#### SUPPLIED INFORMATION ####
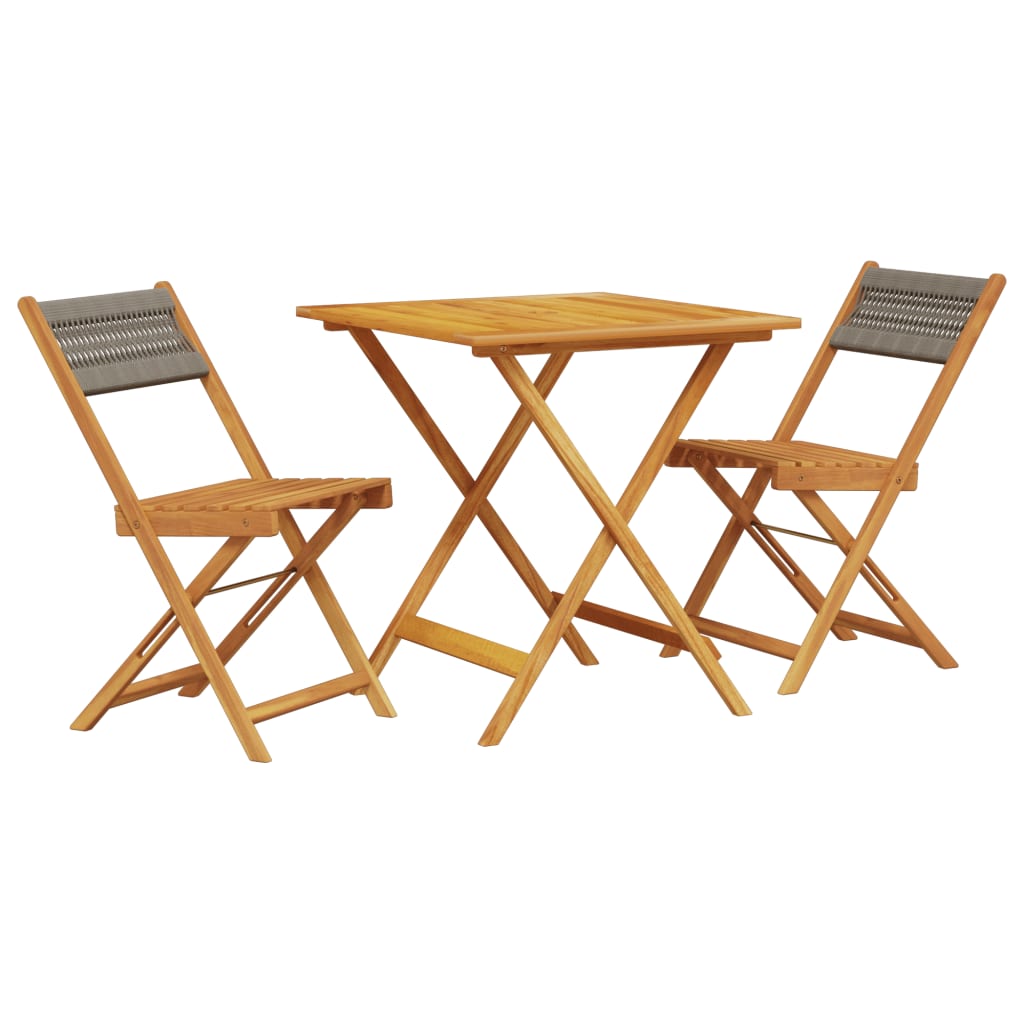 3-delige Bistroset polypropeen en massief hout grijs is nu te koop bij PeponiXL, paradijselijk wonen!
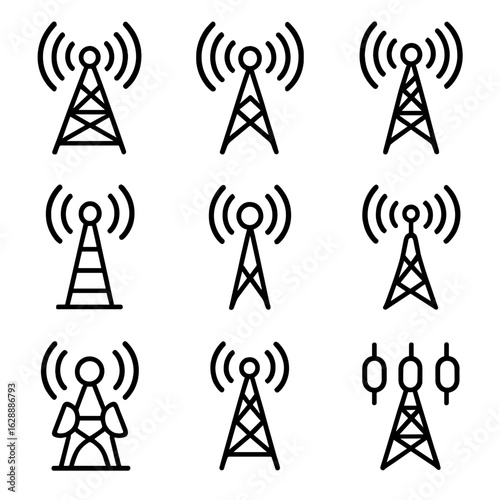 Vector icon outline set contour collection minimal stroke symbol line network relay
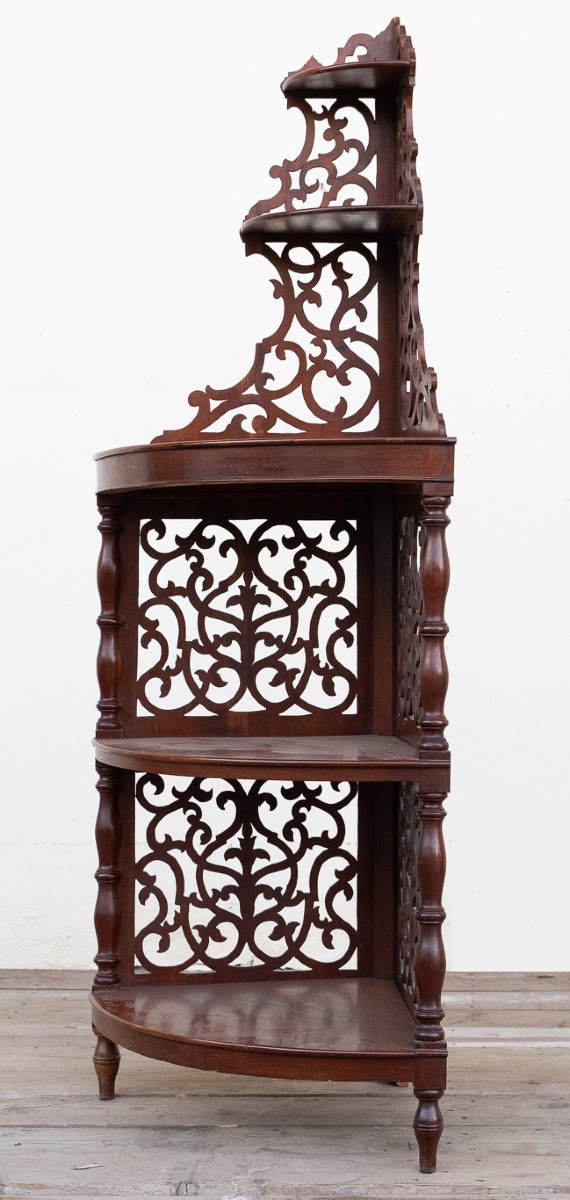 Coppia di angoliere in noce – Emilia, XIX secolo-photo-2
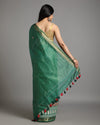 Ornamental Silk Linen Embroidered Green Saree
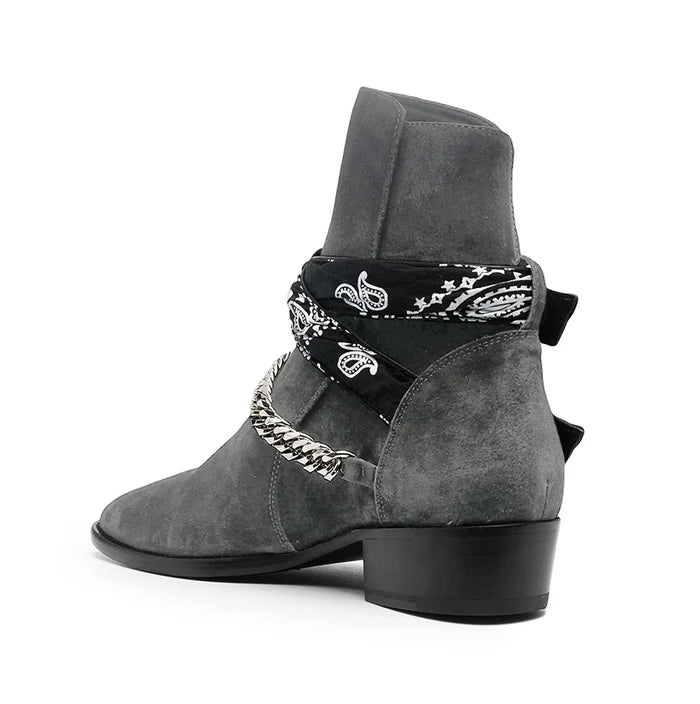 Grey Bandana Buckle Cuban Boot - Milanese Leather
####
ACTIVITY.
Without the images, write out all of the records exactly.

SOLUTION.
 3-delige Bistroset polypropeen en massief hout grijs is nu te koop bij PeponiXL, paradijselijk wonen!
 Vector icon outline set contour collection minimal stroke symbol line network relay
 Coppia di angoliere in noce – Emilia, XIX secolo-photo-2
 Ornamental Silk Linen Embroidered Green Saree
 Grey Bandana Buckle Cuban Boot - Milanese Leather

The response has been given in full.